Her hapşırdığınızda, ağzınızdan ve burnunuzdan damlacıklar ve diğer mukus sıvılarıyla birlikte yüksek basınçlı havanın dışarı çıktığı bir patlama gibi olur. Yüzünüzdeki kaslar siz farkında olmadan sertleşir ve kendinizi göz kapaklarınızı geçici olarak kapatırken bulursunuz. Peki hapşırdığınızda gözlerinizi hangi amaçla kapatıyorsunuz?
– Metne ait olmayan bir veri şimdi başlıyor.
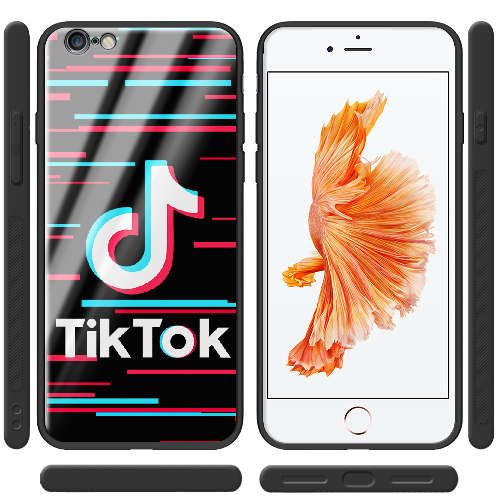 Чехол Boxface iPhone 6 Tik Tok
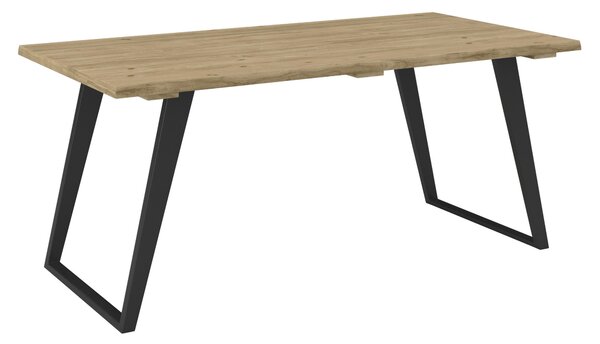 ZAHRADNÍ STŮL, dřevo, kov, 180/76/90 cm Ambia Garden - Online Only zahradní nábytek, Online Only
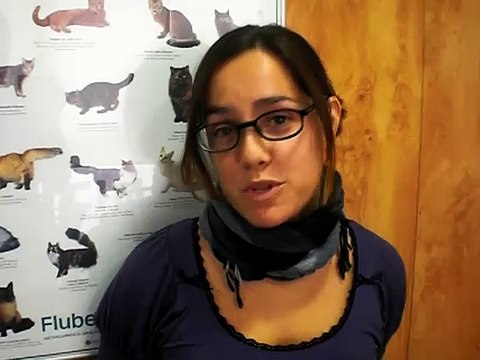 CIM Formación - Testimonio de Inés, nuestra estudiante de Auxiliar Técnico Veterinario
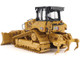 CAT Caterpillar D5 LGP Track Type Dozer Yellow High Line Series 1/50 Diecast Model Diecast Masters 85752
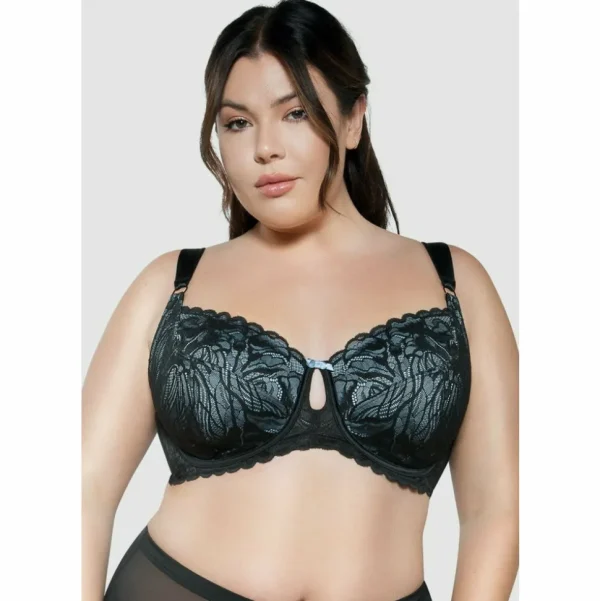 Buy Charlotte Wide Strap Wired Lace Bra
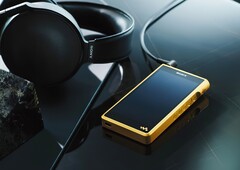 The Walkman NW-WM1ZM2 costs more than double its non-gold sibling. (Image source: Sony)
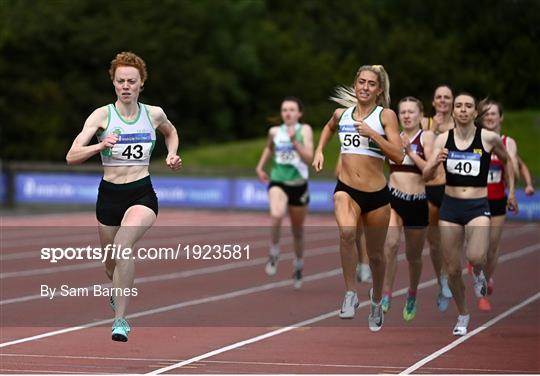 Irish Life Health National Senior and U23 Athletics Championships - Day Four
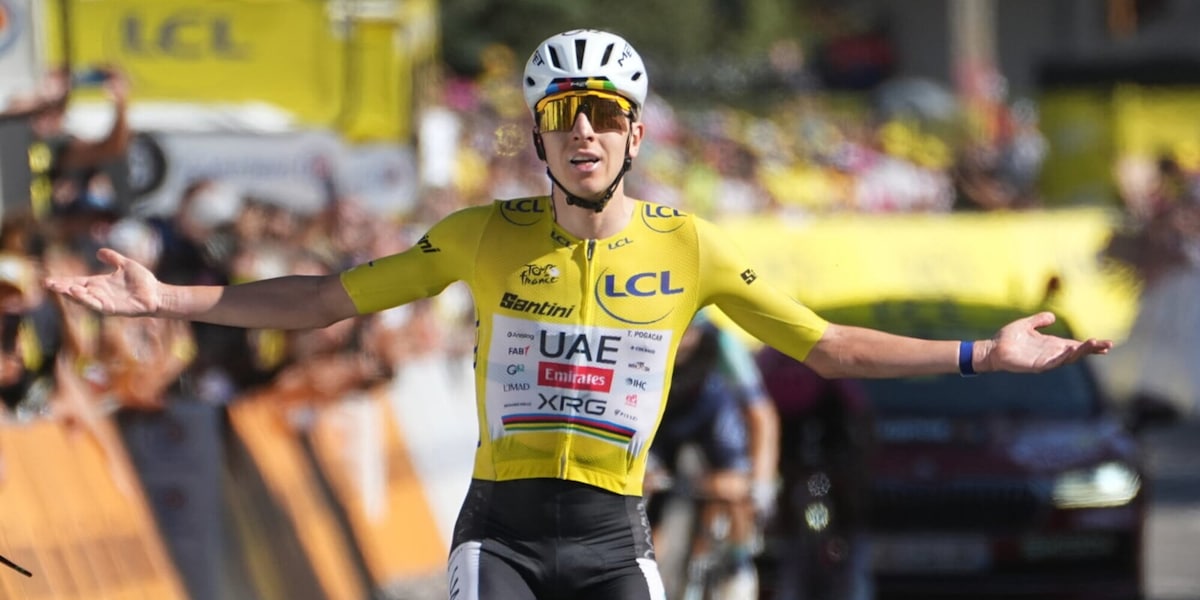 Capolavoro Pogacar: vince anche sull'Alpe d'Huez e batte il record di Pantani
Belki de hapşırma sırasında açığa çıkan bakteri ve mukozadan korunmak içindir. Ya da gözlerinizi kapatmak, gözlerinizi iç basınçtan koruyarak şişmesine ve kalıcı hasar görmesine neden olabilir mi? Bu yorumların her ikisi de internette yaygın olarak paylaşılmaktadır. Bir refleks olduğu için hapşırırken gözlerinizi açık tutamayacağınız yaygın olarak bilinmektedir. Peki bu doğru mu?
Gerçek Bir Refleks Değil
Hapşırma eylemi gerçek bir refleks teşkil etmez. Hapşırma tepkisi daha nüanslıdır ve tamamen omurilik kontrolü altında değildir. Burundaki yabancı cisimler, enfeksiyonlar ve alerjiler hapşırmanın birçok nedeninden sadece birkaçıdır.
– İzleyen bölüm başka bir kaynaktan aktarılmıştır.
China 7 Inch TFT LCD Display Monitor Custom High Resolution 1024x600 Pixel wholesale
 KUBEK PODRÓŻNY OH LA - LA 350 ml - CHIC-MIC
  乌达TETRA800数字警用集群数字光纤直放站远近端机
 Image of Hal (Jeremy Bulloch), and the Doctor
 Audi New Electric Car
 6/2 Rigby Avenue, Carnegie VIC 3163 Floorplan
Burun mukozasındaki bu sinir bozucu tahriş edici maddeler, havanın yaklaşık 150 km/s hızla serbest bırakılması, başın öne doğru sarsılması ve "patlama" seslerinin duyulmasıyla birlikte dışarı atılır. Ancak hapşırık sonucu gözlerin kapanması her zaman bir refleks değildir. Aslında gözleri açık hapşıran kişilerin kayıtları vardır.
Bu Nasıl Gerçekleşiyor?
İnsanların hapşırdıklarında neden otomatik olarak gözlerini kapatmak zorunda kaldıklarına dair yaygın olarak paylaşılan iki teori vardır. Öncelikle, hapşırdığınızda sadece göğüs ve nefes kaslarınız değil, tüm vücudunuz gerilir. Bu nedenle hapşırma sırasında bir damla idrar veya gaz açığa çıkabilir.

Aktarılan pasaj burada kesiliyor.